── Input material ──
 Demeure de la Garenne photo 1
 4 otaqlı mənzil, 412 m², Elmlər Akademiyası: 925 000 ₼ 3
───
── Input material ──
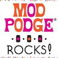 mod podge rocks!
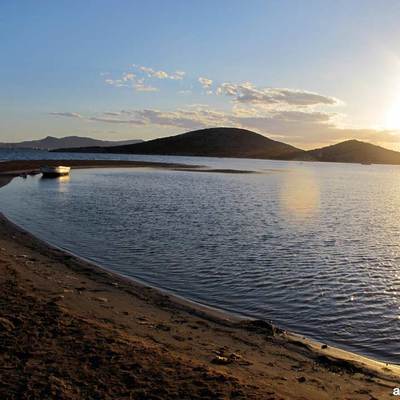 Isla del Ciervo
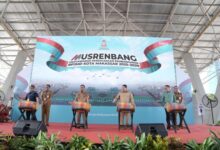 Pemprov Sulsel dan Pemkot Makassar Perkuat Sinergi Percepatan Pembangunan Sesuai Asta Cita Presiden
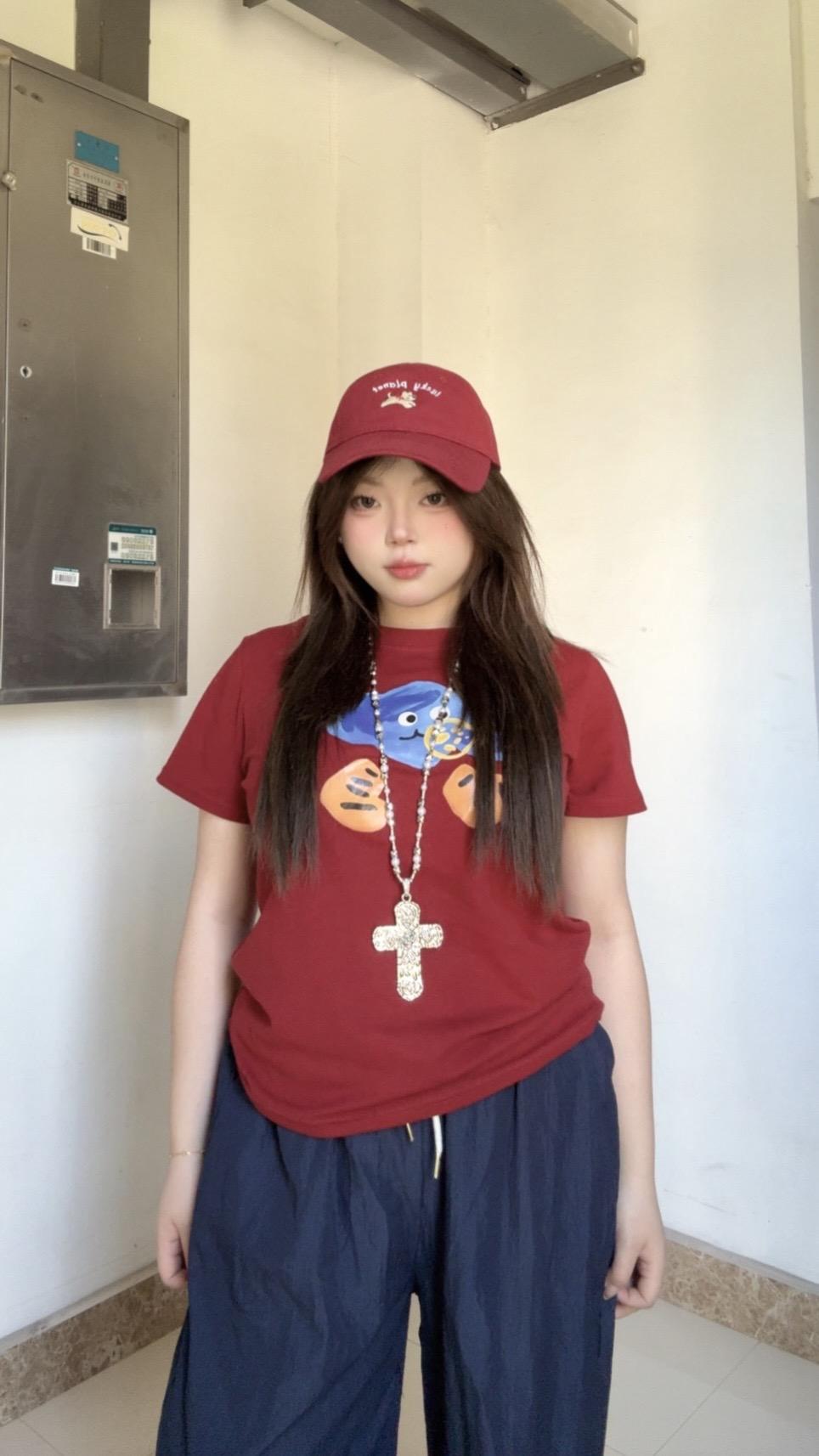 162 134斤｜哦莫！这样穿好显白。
───
- Directions for this task
Could you restate word for word the lines above from the one containing "Demeure de la Garenne photo 1" through the one containing "4 otaqlı mənzil, 412", both included, and nothing else?

- Task solution
 Demeure de la Garenne photo 1
 4 otaqlı mənzil, 412 m², Elmlər Akademiyası: 925 000 ₼ 3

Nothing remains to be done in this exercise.